Do you think people's data would be more secure at the border if
- You kernal-hacked iOS so that it booted into a vanilla account upon entry of a certain passcode, and encouraged people to install your hack from GitHub, potentially borking their phones
- People couldn't be compelled (or face being denied entry) to allow search of their electronic devices
?
What about trying to do everything via a VPN and spoofed UA strings vs. PII being banned from sale, heavily taxed, or a meaningful opt-out existing? Or even just DNT having a legal basis?
For HN readers. And probably in general.
As for your questions, I would definitely like to first use software which doesn't compromise my privacy and security and only as a very distant second have some bureaucrat who would maybe in the best case scenario fine a company which leaks my data.
The vote I cast by running a Tor relay is much more meaningful and valuable defence of privacy than a vote in the general elections. By orders of magnitude.
> The vote I cast by running a Tor relay is much more meaningful and valuable defence of privacy than a vote in the general elections.
I kind of agree, but, not if the new leader outlaws using Tor tomorrow, as they have in China and Iran, and are attempting to do in Russia and France.
> bureaucrat who would maybe in the best case scenario fine a company which leaks my data
You may be selling the power of legislation short. It has the power to entirely transform the default business model of the Internet away from surveillance capitalism, for example. In terms of privacy, this would eliminate entire classes of "threat".
We frequently under-estimate our power as technologists to influence these things; we have very much more than a single vote. The narrative of 'technology' in the media is almost entirely that of billionaires and spies, and the media are gradually starting to realize that they're being led along. Getting the voice of technologists to explain the societal impacts of technology policy is a problem that we need to identify with as group.
Ultimate Encryption Method has just been trivially bypassed.
Hence, the good crypto is really only the most basic first step. Full privacy should be the second and a very important step. Fine, I might have an account in <insert-trendy-social-network-here>. Fine, my real name is known there.
OK.
But there are plethora of cases where having a user profile and personally identifiable information is simply not necessary -- like web search. Even e-commerce like Amazon can be mostly anonymized: you can pay with an e-gold kind of currency (Bitcoin, Ethereum) and Amazon can only ask politely another API if the goods are deliverable to your address (while Amazon won't have an idea about your physical address). Then, even if that mystical-another-API has your physical address, at least it's not in the hands of Amazon -- fragmentation of personal info gives us a small degree of protection, even if Amazon can eventually procure the info under the table. Hey, every little bit helps. Make surveillance expensive and many will drop it (not everybody of course, I recognize that).

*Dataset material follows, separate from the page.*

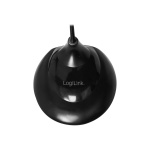 Mikrofon LogiLink® fod m/fleksibel arm. - Image 3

Again, every little bit helps.
Of course, due to a mountain of vested interests, nobody is talking about such technical solutions. "They" want your info all over the net. It's easier for them, so why change anything? The current status quo is sadly very logical.

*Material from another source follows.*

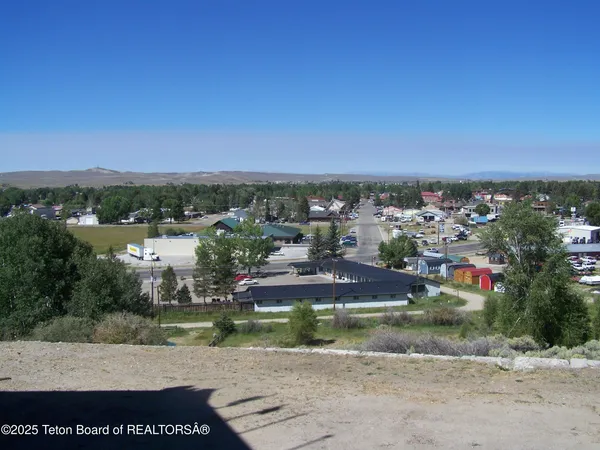 $425,000 | 62 South Skyline Street, Pinedale, WY 82941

Back to your example, thugs will just be angrily gnawing at their nails if they have no idea who you are and where you live.
Better software and newer generations that know how to use them will, however, come before anyone can make a government that respects his population.
However, what we can do is make decentralized tech absolutely idiot-proof and put it in the hands of non-technical users. If it's convenient, fast and reliable, it will at least have an equal footing against the centralized services. Let's get to that point and fight the other battle you mentioned then.